The world, including our bodies, may look solid, says Chopra, but this is only the "superstition of materialism." We're not really solid at all. The molecules are just a facade. We, like the universe we live in, are really just pulsating energy and intelligence.
Reality as modern medicine and pre-quantum physics has long defined it isn't real at all, says Chopra. That reality makes us prisoners of our limitations. The real reality is one in which everything is part of cosmic consciousness. Tap into that consciousness, and you can create any reality you want.
"Mortals believe they are physical machines that learned to think," the wizard Merlin tells young Arthur in Chopra's retelling of Camelot. "Actually they are thoughts that learned to create a physical machine."
To create your own reality, here's all you need to do, says Chopra: "Slip into the gap between your thoughts . . . into the transformational vortex that connects the universal mind with the local mind." You do this, he says, through meditation. Once in the gap, "release your intention." Relinquish your attachment to the outcome of the intention. "Let the universe handle the details."
Get in touch with your "inner wizard," says Chopra, and anything - from health to success - is possible.
The last time Chopra was here, in the spring of 1994 (both visits were sponsored by Unity of Salt Lake), he spoke at Skyline High School. He brought the same suitcase and in fact wore the same suit.

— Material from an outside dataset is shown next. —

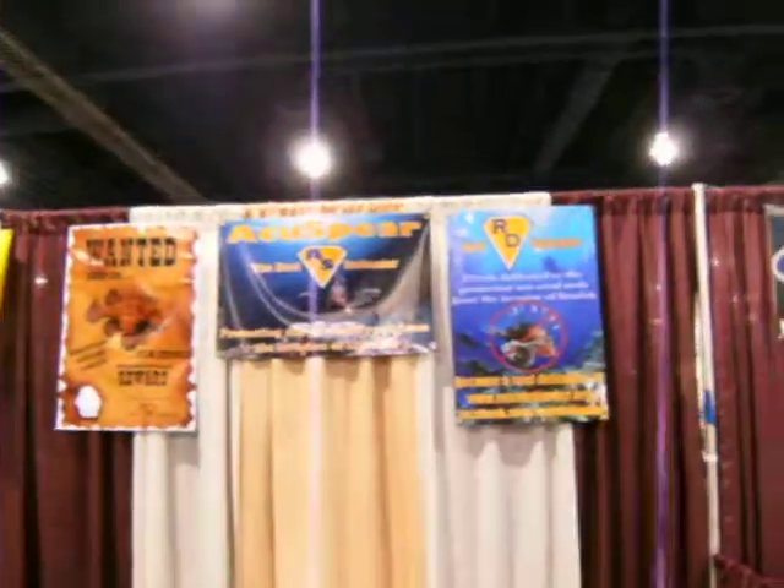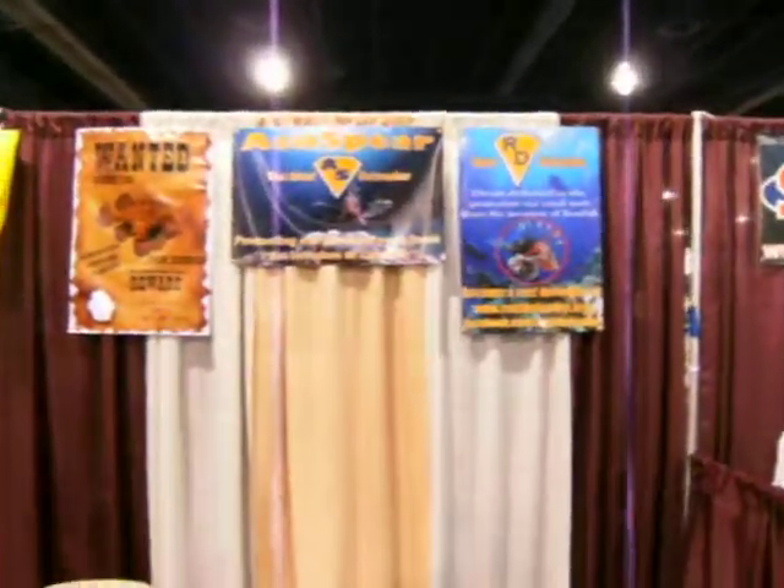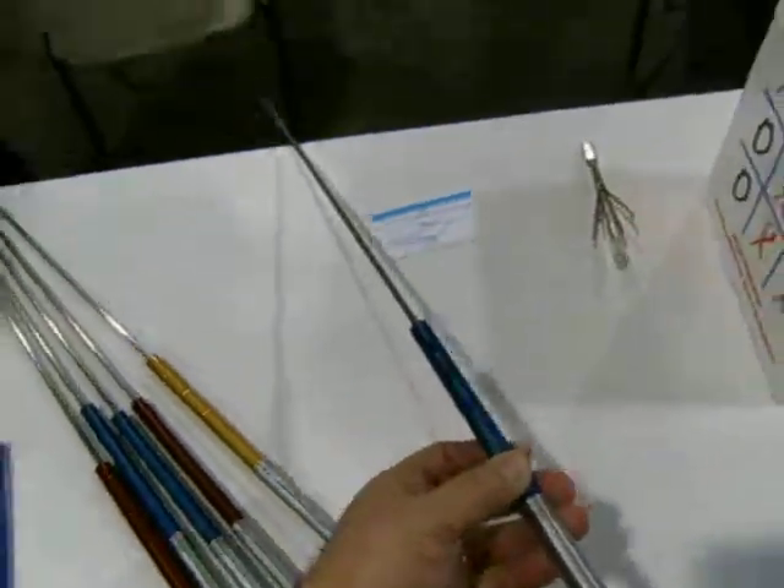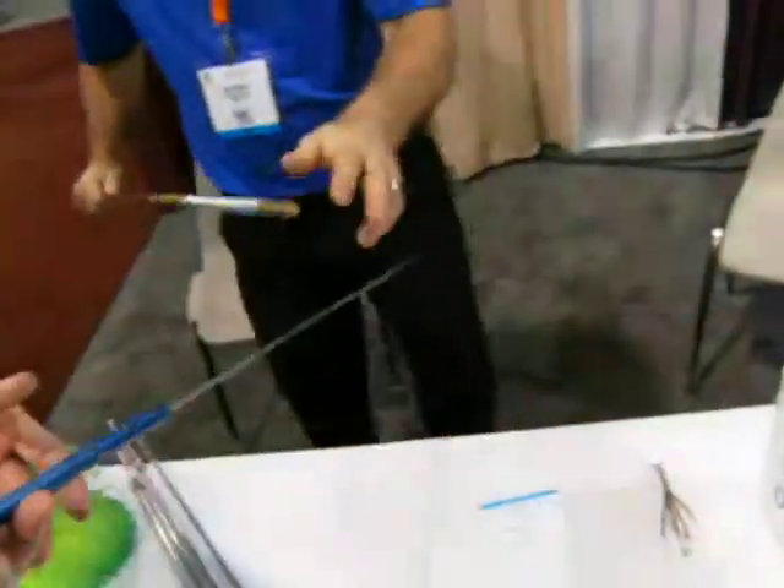Right now I'm at the AccuSphere booth — Reef Defenders. They've got a new kind of spear, and this is for just getting rid of lionfish that are an invasive species.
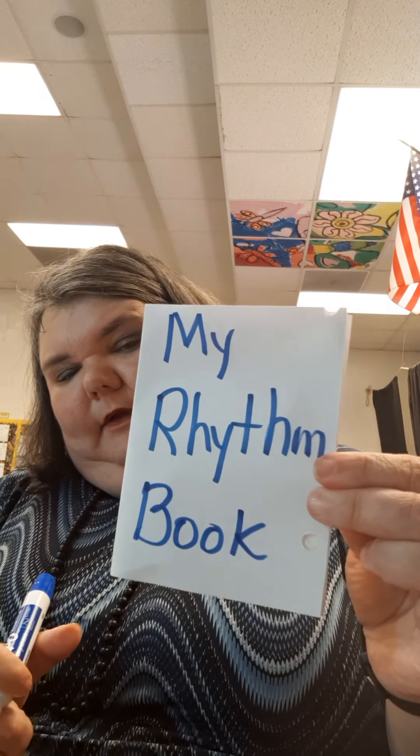In this video, I'm going to show you what to write on top of your book. Here's my paper and I'm going to write on the front cover: 'My Rhythm Book.' Write along as I spell it — M-Y, my. Then rhythm: R-H-Y-T-H-M. And then book: B-O-O-K. My Rhythm Book.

"But not the same body," Chopra explained to his audience at Abravanel Hall, because the human body replaces 98 percent of its cells every year.
The real us is not our bodies, or even our egos, but our spirit.
Chopra's own particular body - or space-time event, as he sometimes calls it - never gets sick, he says. "I've never been sick in my life," he said in a phone interview from his home in California (where he is now executive director of Sharp Health Care's Institute for Mind/Body Health). He wonders, even, why his wife keeps buying health insurance, because she never gets sick either, and neither do their two children.
"I think it's because we're all pretty carefree," he says. Also, he meditates at least an hour and 40 minutes a day, exercises an hour and is a great sleeper.
It's hard not to be so perfect, and so optimistic and so successful and so rich, though, without getting your share of critics.
Some people charge that he oversimplifies the science he quotes. Others criticize him for being too commercial, even though he did finally break off from the maharishi and the maharishi's herbal products. Esquire magazine wrote a profile with the headline "Deepak Chopra Has (Sniff) a Cold."
Chopra prefers not to defend himself but to remain upbeat. "By the way," he told a skeptical reporter from Forbes magazine in 1994, "one of the things that accelerates the aging process is cynical mistrust."
The truth is that people like his books and his lectures, even if many of them are simply a retelling of ones that came before.
"The Seven Spiritual Laws of Success" is a reworking of his "Creating Affluence." "The Way of the Wizard" is a non-fiction version of his fairly unsuccessful first novel, "The Return of Merlin," and quite similar in many ways to "The Seven Spiritual Laws of Success."
Chopra himself sees his books as evolving. He's already planning several more, including a novel about Satan escaping from hell in the form of light, and a book that examines all aspects of love.
And also, because he is after all a guru - full of boundless potentiality - he plans to write a book about "how the universe thinks."